Brief: An exact copy of the data is needed, one that excludes all pictures.

Dataset section:
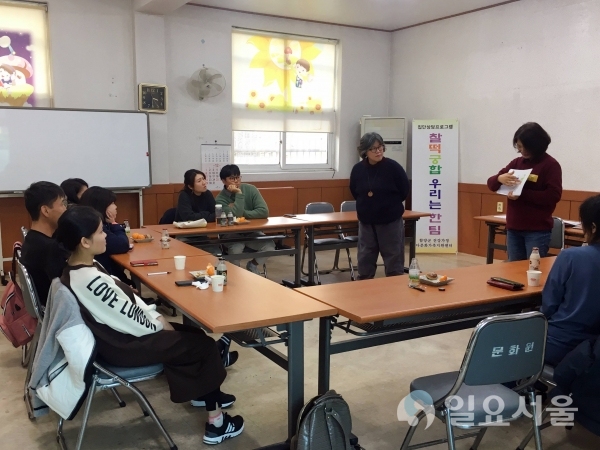 지난 14일 다문화부부 10명을 대상으로 부부역할 주제로 집단상담프로그램을 진행했다. @ 함양군 제공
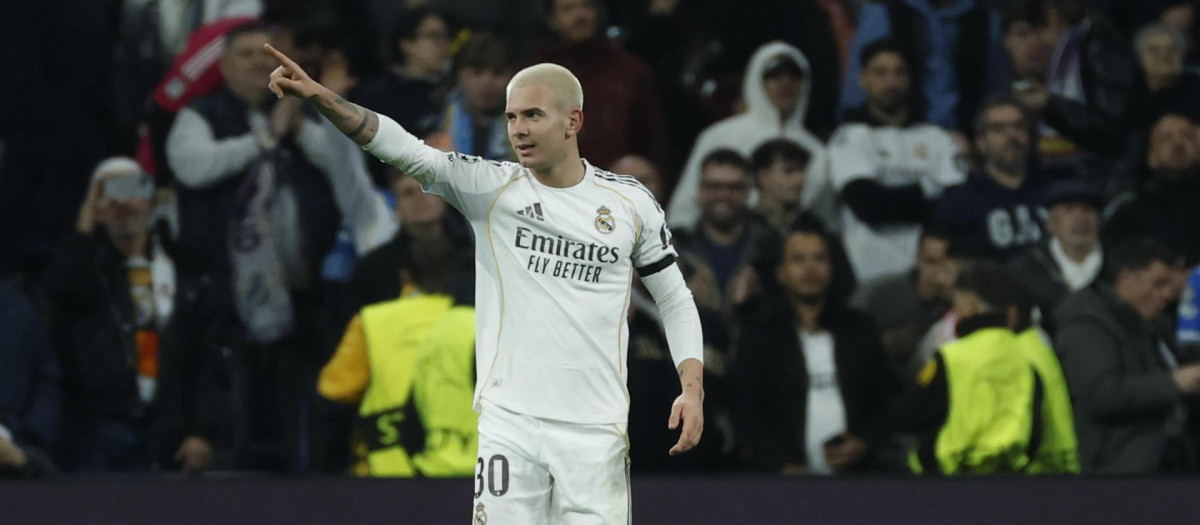 Franco Mastantuono celebra el gol ante el AS Monaco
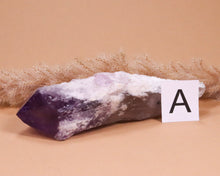 Lade das Bild in den Galerie-Viewer, Amethyst Wurzelspitze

Solution to this task:
 지난 14일 다문화부부 10명을 대상으로 부부역할 주제로 집단상담프로그램을 진행했다. @ 함양군 제공
 Franco Mastantuono celebra el gol ante el AS Monaco
 Lade das Bild in den Galerie-Viewer, Amethyst Wurzelspitze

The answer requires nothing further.